-- Instructions for the task --
Each line with the word "unfurnished" must appear in the answer, copied from the records.

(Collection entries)
++++

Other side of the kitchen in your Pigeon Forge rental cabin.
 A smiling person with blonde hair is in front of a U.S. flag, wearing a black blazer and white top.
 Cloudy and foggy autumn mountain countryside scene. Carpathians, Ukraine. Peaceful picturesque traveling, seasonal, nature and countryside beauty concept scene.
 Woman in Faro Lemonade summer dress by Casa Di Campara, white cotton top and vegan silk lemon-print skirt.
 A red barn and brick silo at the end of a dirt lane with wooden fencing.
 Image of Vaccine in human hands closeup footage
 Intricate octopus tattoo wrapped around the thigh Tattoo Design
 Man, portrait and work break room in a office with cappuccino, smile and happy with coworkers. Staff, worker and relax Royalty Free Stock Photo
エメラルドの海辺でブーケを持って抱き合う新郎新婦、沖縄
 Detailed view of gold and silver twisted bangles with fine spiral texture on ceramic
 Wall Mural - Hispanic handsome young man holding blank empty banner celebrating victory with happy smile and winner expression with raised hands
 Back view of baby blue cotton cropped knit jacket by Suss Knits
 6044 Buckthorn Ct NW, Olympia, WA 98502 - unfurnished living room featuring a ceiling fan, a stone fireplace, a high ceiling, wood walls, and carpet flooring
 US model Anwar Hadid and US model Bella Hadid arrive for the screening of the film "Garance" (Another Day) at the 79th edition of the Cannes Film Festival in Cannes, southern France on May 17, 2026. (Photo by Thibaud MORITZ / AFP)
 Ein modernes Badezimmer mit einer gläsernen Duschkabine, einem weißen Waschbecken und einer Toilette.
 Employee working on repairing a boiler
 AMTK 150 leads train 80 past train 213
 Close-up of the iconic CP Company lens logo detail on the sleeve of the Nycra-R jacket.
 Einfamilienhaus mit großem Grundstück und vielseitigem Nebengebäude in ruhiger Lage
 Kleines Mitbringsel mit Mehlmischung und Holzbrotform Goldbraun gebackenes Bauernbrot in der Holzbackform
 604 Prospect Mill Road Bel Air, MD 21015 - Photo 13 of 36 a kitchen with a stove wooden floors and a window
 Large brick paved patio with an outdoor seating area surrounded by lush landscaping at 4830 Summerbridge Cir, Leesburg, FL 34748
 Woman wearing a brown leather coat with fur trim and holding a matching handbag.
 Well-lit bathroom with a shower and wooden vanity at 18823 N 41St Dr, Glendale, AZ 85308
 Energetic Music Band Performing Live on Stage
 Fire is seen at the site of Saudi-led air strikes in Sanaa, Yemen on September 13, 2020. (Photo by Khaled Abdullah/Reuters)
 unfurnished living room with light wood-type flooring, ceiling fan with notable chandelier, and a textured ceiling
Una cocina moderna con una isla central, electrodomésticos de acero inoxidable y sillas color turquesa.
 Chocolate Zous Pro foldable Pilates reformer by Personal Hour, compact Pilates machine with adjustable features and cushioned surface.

++++

-- Response box --
 6044 Buckthorn Ct NW, Olympia, WA 98502 - unfurnished living room featuring a ceiling fan, a stone fireplace, a high ceiling, wood walls, and carpet flooring
 unfurnished living room with light wood-type flooring, ceiling fan with notable chandelier, and a textured ceiling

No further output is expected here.